## INPUT DATA:
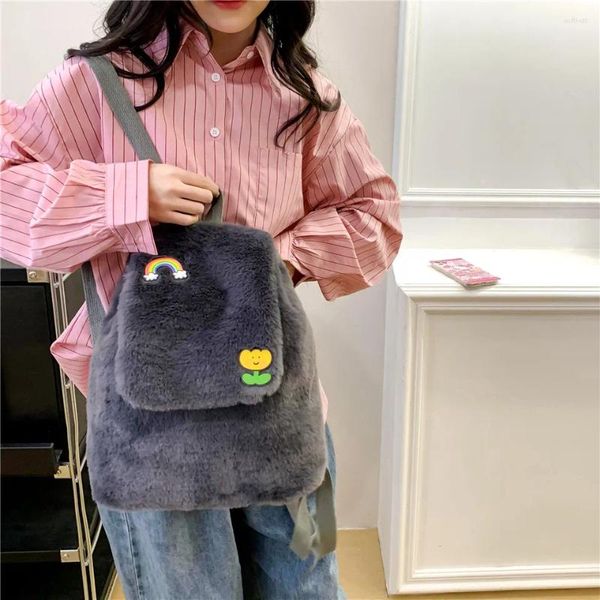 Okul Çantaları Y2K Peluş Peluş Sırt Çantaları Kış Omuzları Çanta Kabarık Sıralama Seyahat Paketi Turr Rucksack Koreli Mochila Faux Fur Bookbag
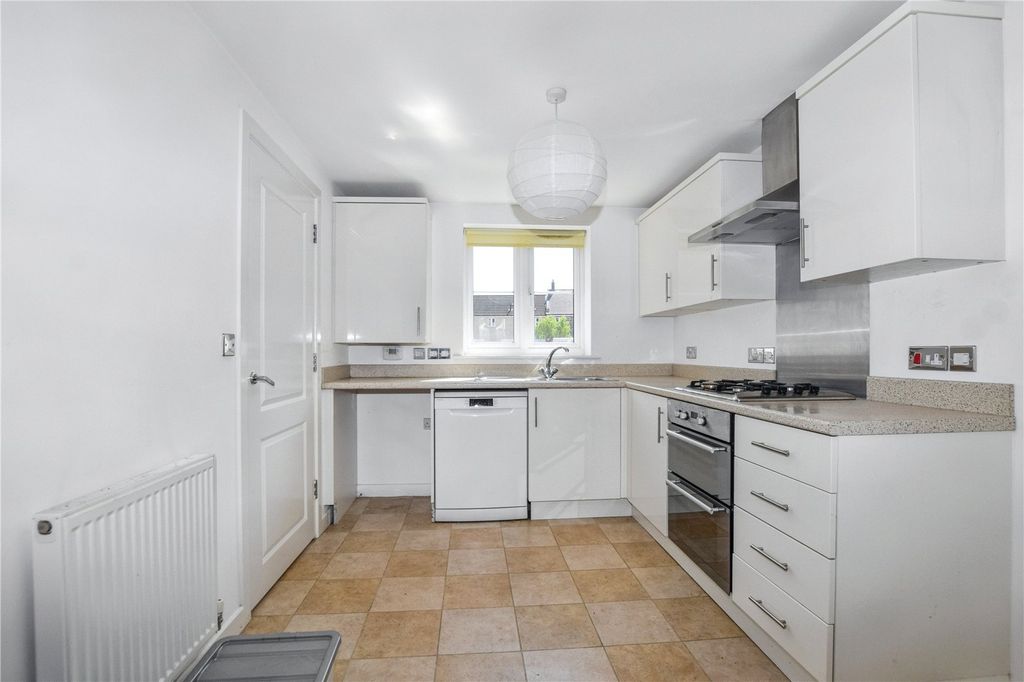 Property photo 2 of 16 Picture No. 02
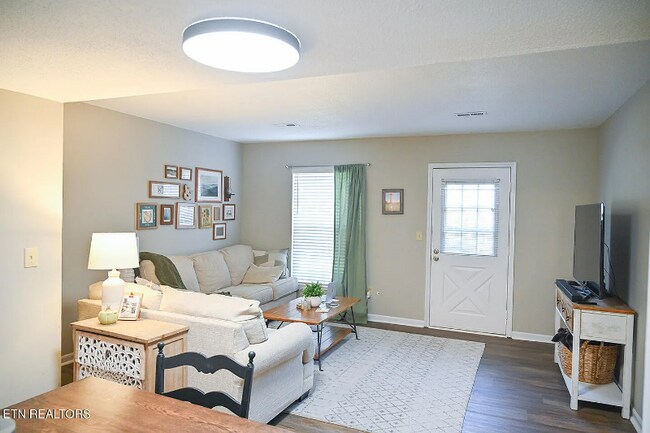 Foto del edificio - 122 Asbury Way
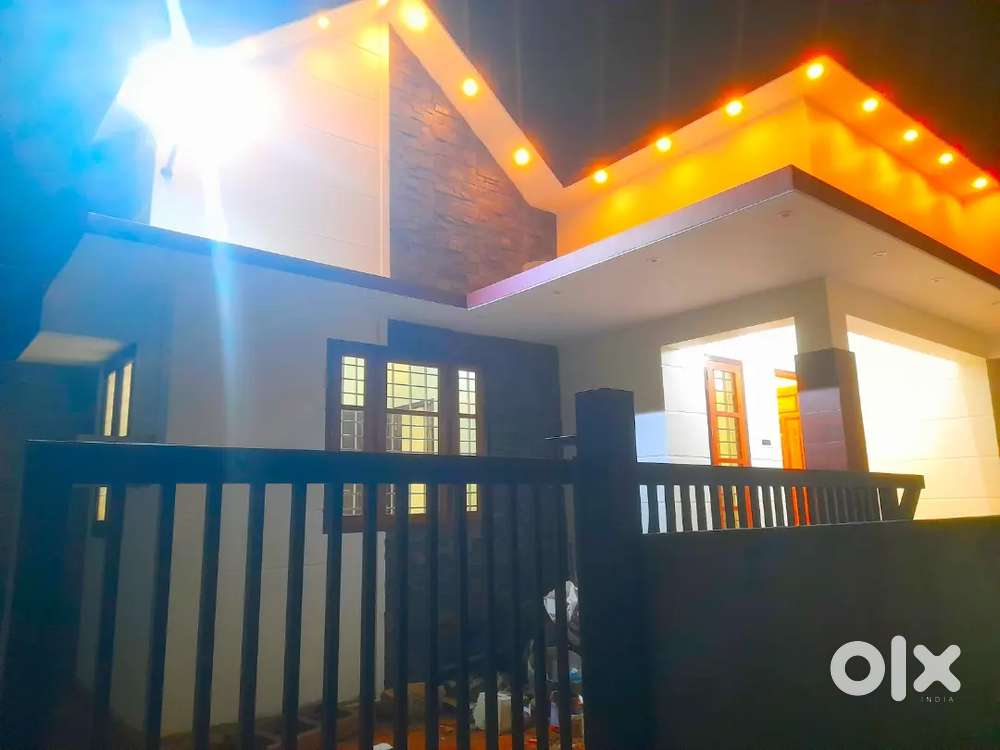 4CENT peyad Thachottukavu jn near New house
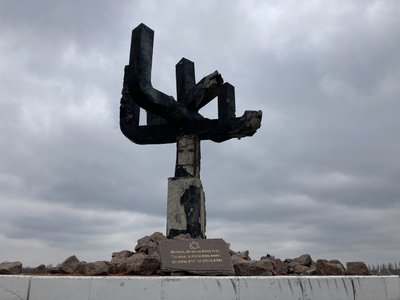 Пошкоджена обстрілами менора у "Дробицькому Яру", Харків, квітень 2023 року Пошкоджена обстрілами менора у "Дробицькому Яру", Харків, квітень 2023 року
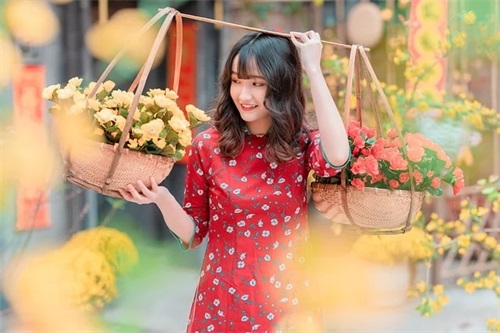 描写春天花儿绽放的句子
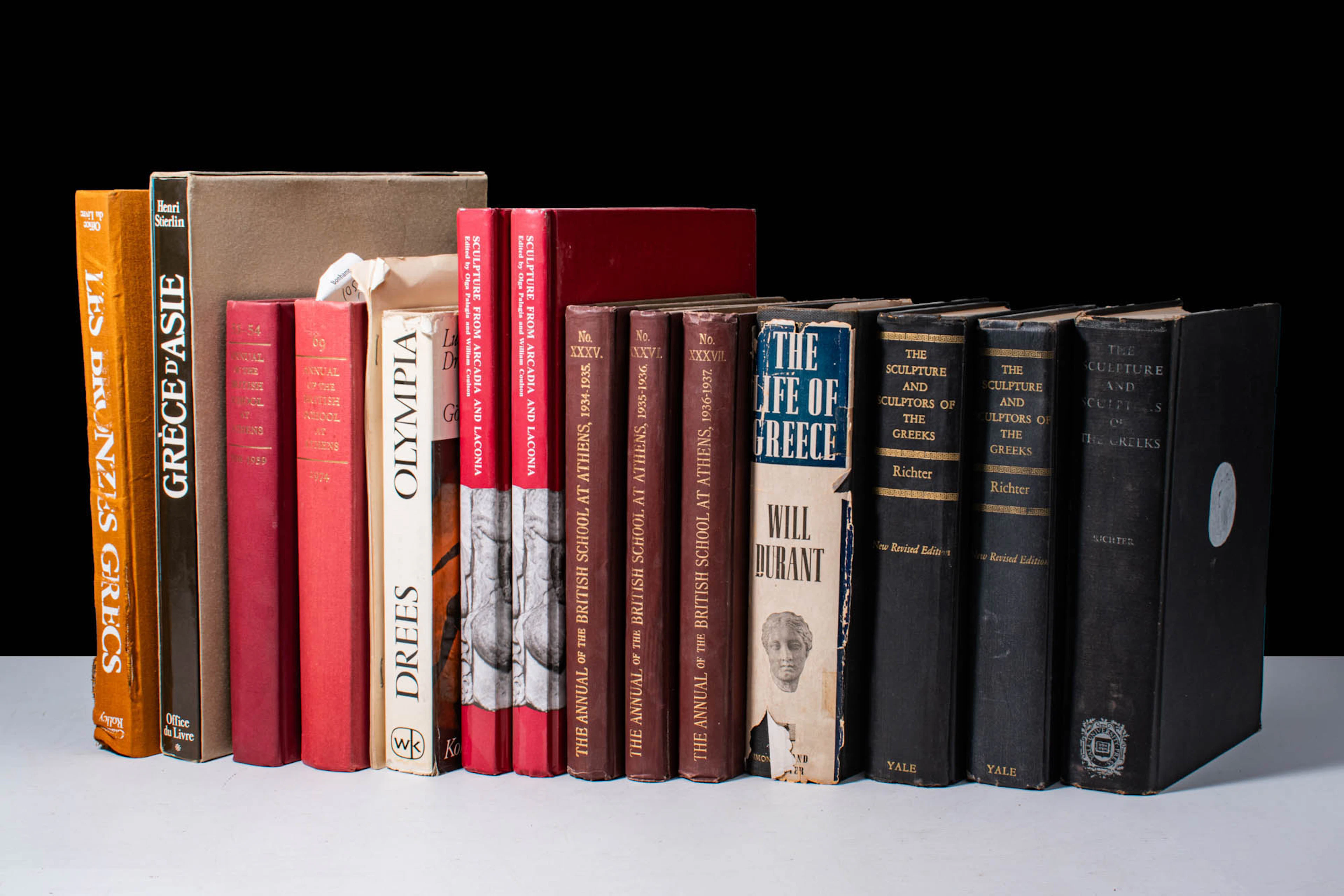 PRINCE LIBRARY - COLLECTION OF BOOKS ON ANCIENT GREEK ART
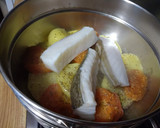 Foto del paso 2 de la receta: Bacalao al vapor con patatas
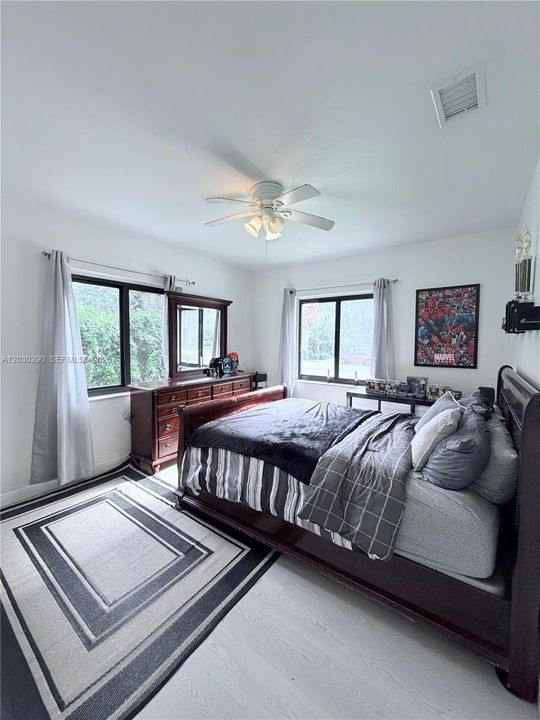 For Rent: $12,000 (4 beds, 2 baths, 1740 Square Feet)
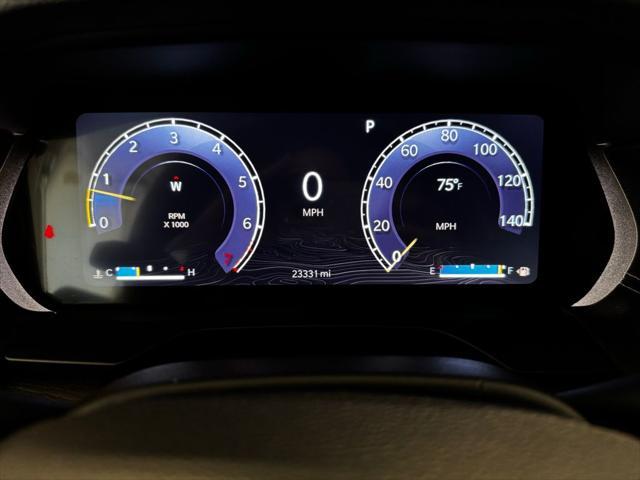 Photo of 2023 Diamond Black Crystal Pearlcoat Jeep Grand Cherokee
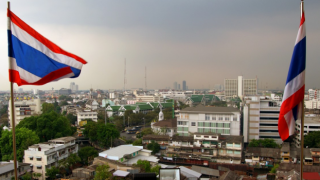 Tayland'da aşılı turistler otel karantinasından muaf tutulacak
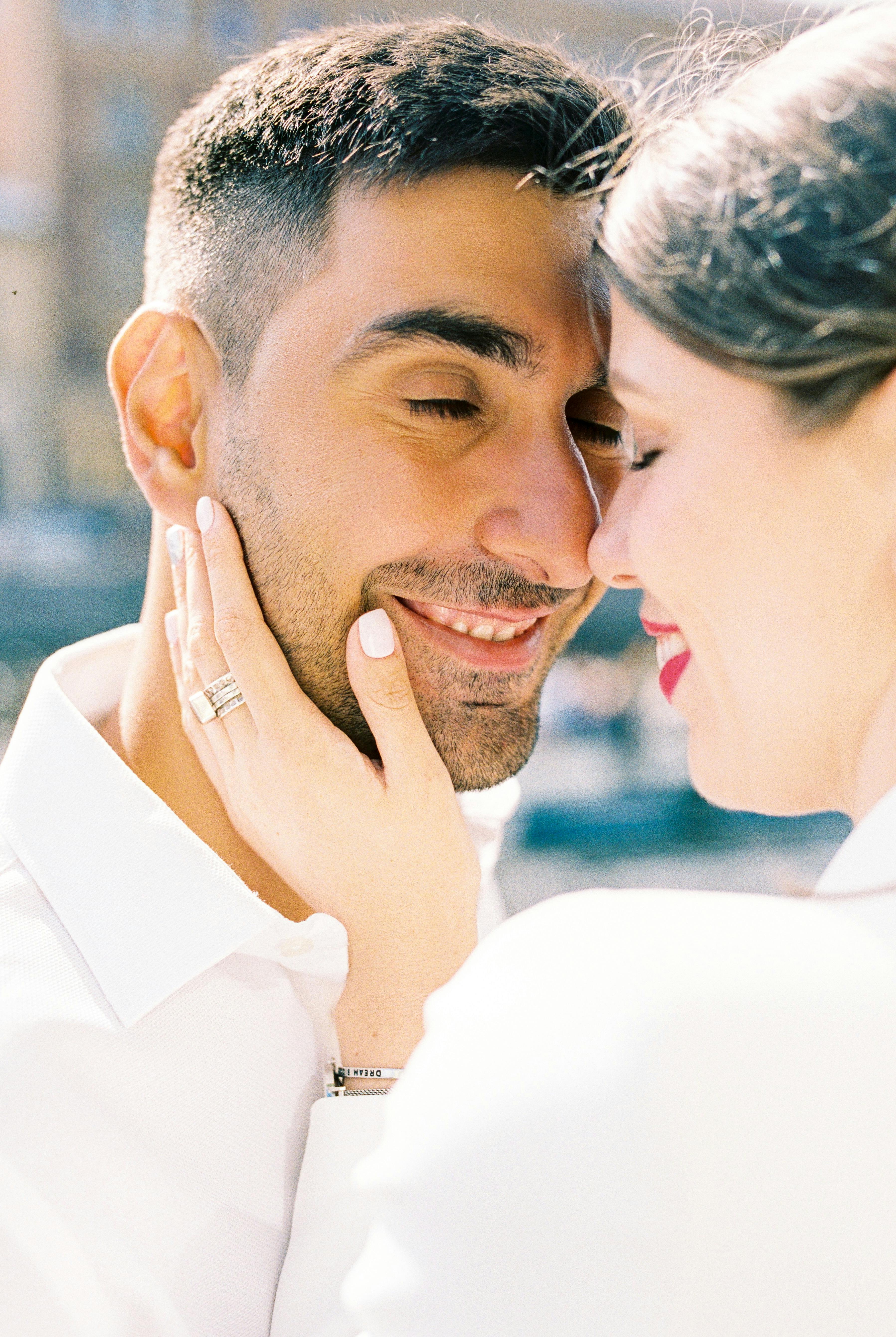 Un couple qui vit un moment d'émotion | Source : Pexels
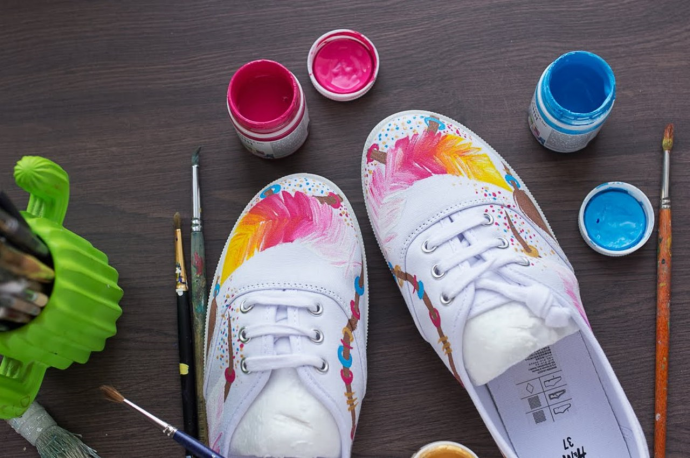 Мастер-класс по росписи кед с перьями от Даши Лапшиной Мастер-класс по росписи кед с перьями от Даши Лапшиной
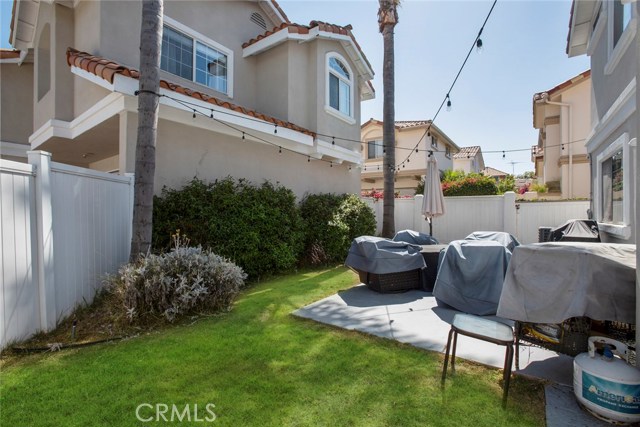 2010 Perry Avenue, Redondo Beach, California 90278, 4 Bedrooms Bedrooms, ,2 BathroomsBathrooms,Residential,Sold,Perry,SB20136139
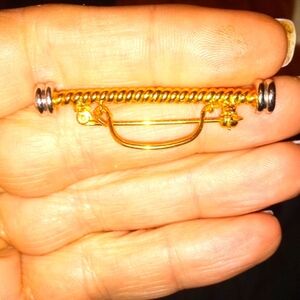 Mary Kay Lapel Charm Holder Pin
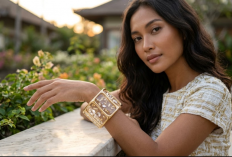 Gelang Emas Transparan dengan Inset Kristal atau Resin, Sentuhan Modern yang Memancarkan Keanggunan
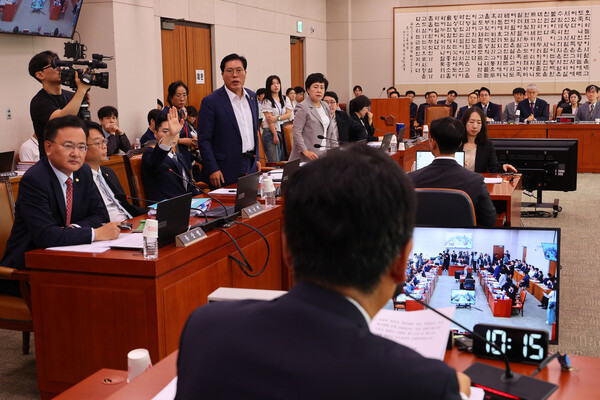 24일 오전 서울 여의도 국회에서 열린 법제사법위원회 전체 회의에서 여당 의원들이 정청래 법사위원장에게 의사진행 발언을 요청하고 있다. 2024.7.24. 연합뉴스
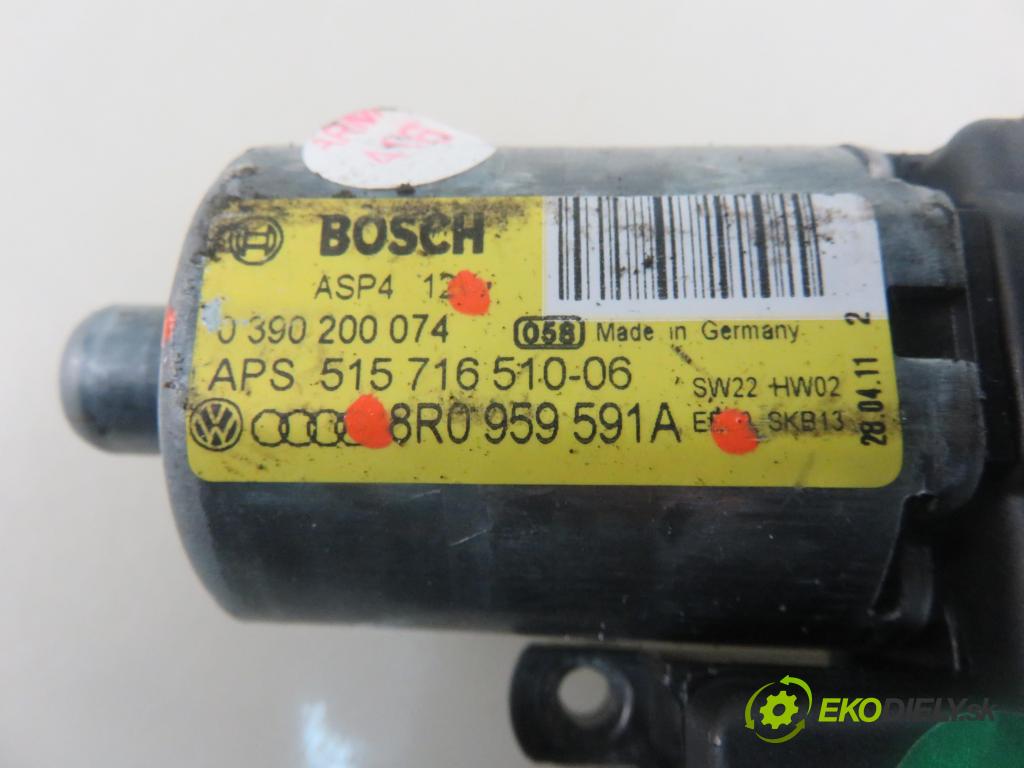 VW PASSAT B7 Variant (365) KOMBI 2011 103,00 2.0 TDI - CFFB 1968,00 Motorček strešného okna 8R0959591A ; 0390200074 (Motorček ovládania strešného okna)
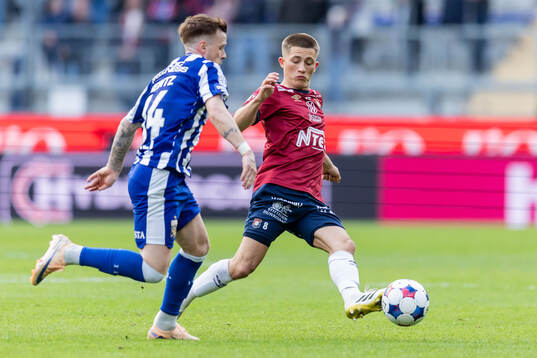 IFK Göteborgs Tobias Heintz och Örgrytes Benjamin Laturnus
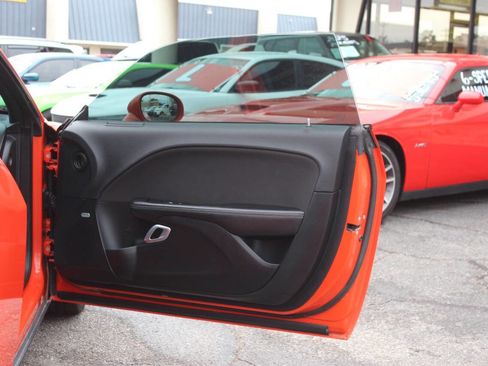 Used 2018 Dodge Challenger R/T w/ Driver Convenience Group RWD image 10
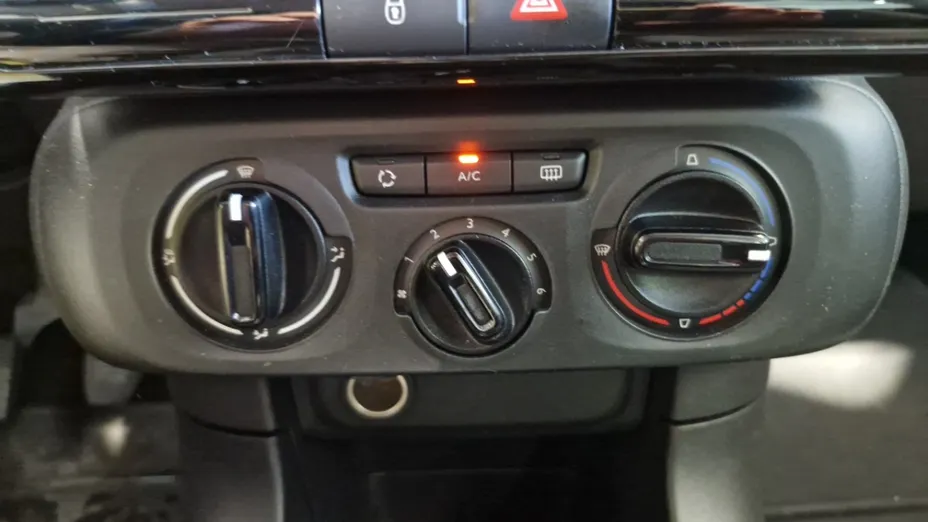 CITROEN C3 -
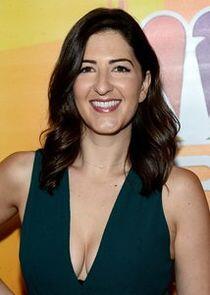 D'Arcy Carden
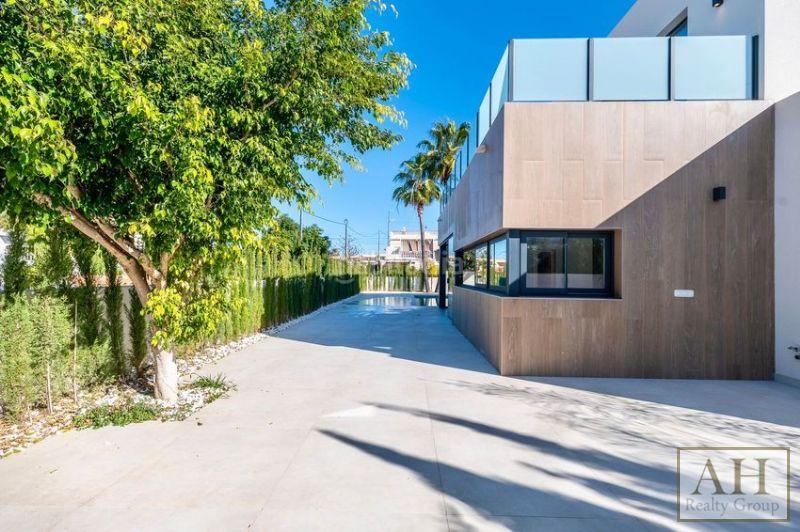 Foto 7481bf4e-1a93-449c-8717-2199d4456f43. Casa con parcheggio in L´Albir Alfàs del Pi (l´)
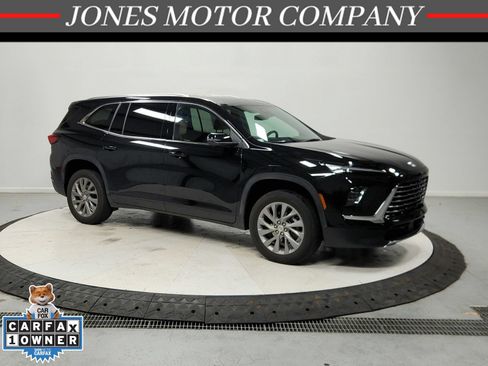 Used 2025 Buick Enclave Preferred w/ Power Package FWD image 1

## DIRECTIONS:
In the copy, include each line from the start of the material through the line with "Foto del edificio - 122 Asbury Way", word for word, but none of the pictures.

## TASK OUTPUT:
 Okul Çantaları Y2K Peluş Peluş Sırt Çantaları Kış Omuzları Çanta Kabarık Sıralama Seyahat Paketi Turr Rucksack Koreli Mochila Faux Fur Bookbag
 Property photo 2 of 16 Picture No. 02
 Foto del edificio - 122 Asbury Way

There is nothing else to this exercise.